SaraEye in action - no more wake words!
We already know what our voice assistant SaraEye - one of our artificial intelligence subprojects SaraAI - will look like.
As we wrote earlier, thanks to the received funding we have strongly accelerated.
SaraEye project is about upgrading voice assistants to a higher level by adding sight and intelligence.
You can find more information on the project website SaraAI.com/SaraEye, and here I would like to present our journey from the model to the final look.
The idea of creating Sara was born a long time ago, in the times when the Internet was in its infancy, speech recognition didn't work and there was no access to open knowledge bases.

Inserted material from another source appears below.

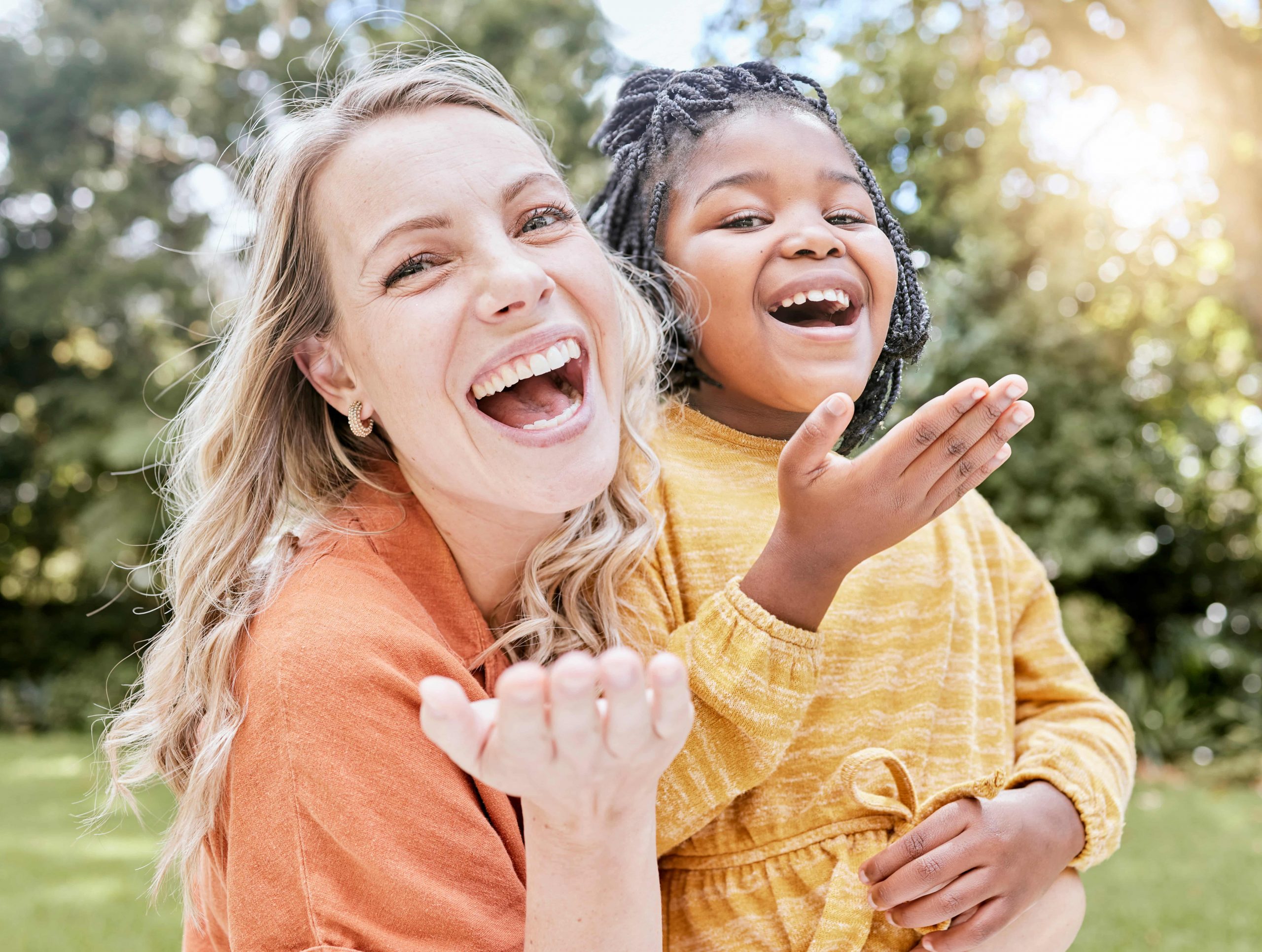 Adoption, mother and girl outdoor, smile or happy being loving, bonding or happy together. Portrait, adopted child or black girl with foster mother, happiness or love for care, relax and quality time.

Fortunately, those limitations are behind us now, which allowed us to return to the project and start the first tests of the previously thought out assumptions. In one of our first published videos you can see our first prototype assistant made from a regular IP camera, where we show some aspects of the assistant that we would like to develop more. This only one and a half minute video, although older and amateurish, shows some key solutions, like establishing a kind of bond with the device or continuity of dialogue, which seems to us to be crucial and which we already described in another article "We are looking for Artificial Intelligence, and we get.... a speaker."
After the initial tests, seeing the limitations of using standard IP cameras, we further developed our assistant by adding a more powerful processor, a set of 6 microphones and fast motors, so that the camera could keep up with fast movement. The next hybrid version of SaraEye was born:
At the same time, we also made our first video showing some of the functionality we want to do in the already commercial version of SaraEye:
In late 2020, thanks to the funding we received for SaraEye and our collaboration with MindSailors Design Studio, we are finally creating the final shape and functionalities of SaraEye, which we will soon present in action, and at the moment we can already reveal its design:
How do you like it?
Man has always looked at the stars, asked if he was alone. In the most pessimistic option of the Drake equation there are 250,000 highly developed civilizations somewhere in the infinite universe that are able to visit us.

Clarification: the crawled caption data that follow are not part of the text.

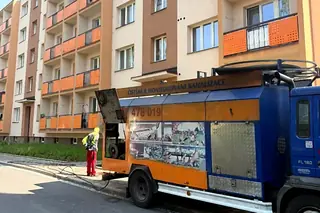 Čištění kanalizace u bytového domu, tlakový vůz a pracovník v reflexní vestě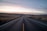 black concrete road between steppe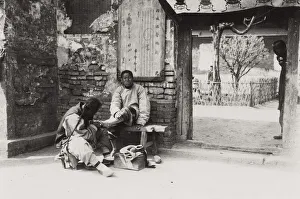 Daily life: Man having his toenails cut on street, China, c. 1910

But we also know that the chance to get in touch with such highly developed intelligence is close to zero, and maybe that's why we'd like to create our own artificial intelligence.

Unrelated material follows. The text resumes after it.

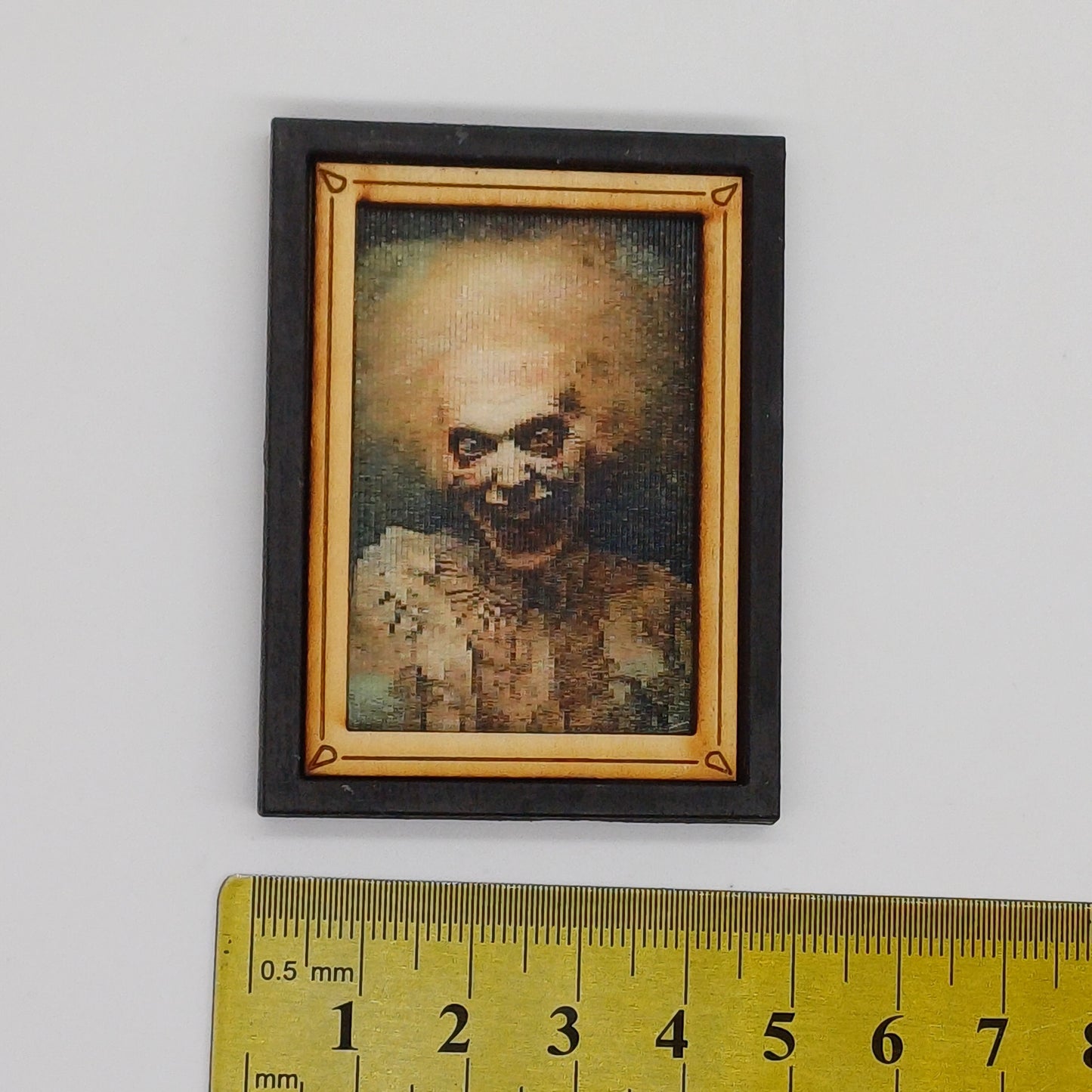 Miniature horror painting with changing image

Artificial intelligence has been with us for a long time, actually from the beginning ... of cinema. Most often it is shown as an ominous robot or animal-like creature. Why? Because we can't imagine something we've never seen, which is not like something that already exists. This is a huge limitation of our brain and it means that our evolution is not rapid but rather slow.
We live in a time of science and knowledge that seems to be exploding. According to Moore's law, the performance of computers has doubled every two years since the 1960s. Due to this right in a few years, the memory on your smartphone will be calculated in terabytes, and a dozen or so years later in something that does not even have a name because such large numbers have not even been used so far.
According to all these laws, soon the performance of smartphones will be greater than our brains, so I ask, what's going on?
We have 2019, powerful computers with unbelievable memories and computing power, we have powerful IT companies with billions of budgets and what do we get in 2019?
Talking loudspeaker, encyclopedia in loudspeaker, talking clock watch with completely zero intelligence.
Waiting for intelligence,it is a good idea to hibernate for a few years.
Why did we get a speaker? Why are the products of Boston Dynamics, the producer of incredibly efficient robots, in fact, ordinary remote controls?
There is one "product", maybe you can guess what, I think it's worth taking a closer look.
The "product" does not have a very good speech synthesizer, it only produces some strange voices usually in bad moments, it leaks terribly especially at the initial stage of operation, there is practically no knowledge base, you will not know from it who the president of the United States is, in fact you know nothing from it.
He performs only a few voice commands, but the dog, as it is all about him, is however the greatest friend of man.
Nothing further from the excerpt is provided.